Producing Longer Videos

制作长视频

Current APIs cap at 15 seconds max per clip (Grok), with most backends at 4-8s. There is no way to generate a continuous 30+ second video in one call. The proven approach:

Plan a shot list — break your video into 6-8s segments with specific camera language per shot
Generate clips in parallel — launch all segments concurrently using
```
background=True
```
Composite in Remotion (see below) — layer programmatic animation on top of generated footage
Bridge with audio — a unified narration or music track smooths over visual cuts between clips

For visual continuity, use the same style anchor in every prompt (e.g., "BBC Earth documentary cinematography") and maintain consistent lighting/color descriptions.
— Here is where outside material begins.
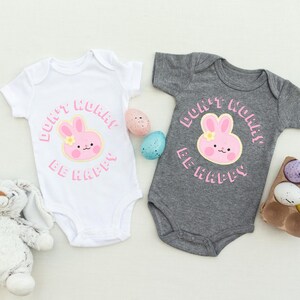 May include: Two baby onesies, one white and one gray, with a pink bunny graphic and the text "Don't Worry Be Happy." Easter eggs and a stuffed bunny are also in the image. The onesies are short-sleeved and have a round neckline.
Full production guide with examples, transition types, and duration strategy: See references/production.md

目前API单段生成最长支持15秒（Grok），大部分后端仅支持4-8秒，无法单次调用生成30秒以上的连续视频。经过验证的解决方案如下：

规划镜头列表——将视频拆分为6-8秒的片段，为每个镜头指定明确的镜头语言
并行生成片段——使用
```
background=True
```
参数同时启动所有片段的生成任务
在Remotion中合成（见下文）——在生成的素材上叠加程序化动画
用音频衔接片段——统一的旁白或音轨可以平滑片段之间的视觉剪切

为了保证视觉连贯性，所有提示词中要使用相同的风格锚点（例如"BBC地球纪录片摄影风格"），并保持一致的光影/色彩描述。

包含示例、转场类型和时长策略的完整制作指南：参考references/production.md

Hybrid Workflow: AI Footage + Remotion Animation

混合工作流：AI素材 + Remotion动画

The best results come from combining AI-generated footage with Remotion's programmatic animation — not choosing one or the other.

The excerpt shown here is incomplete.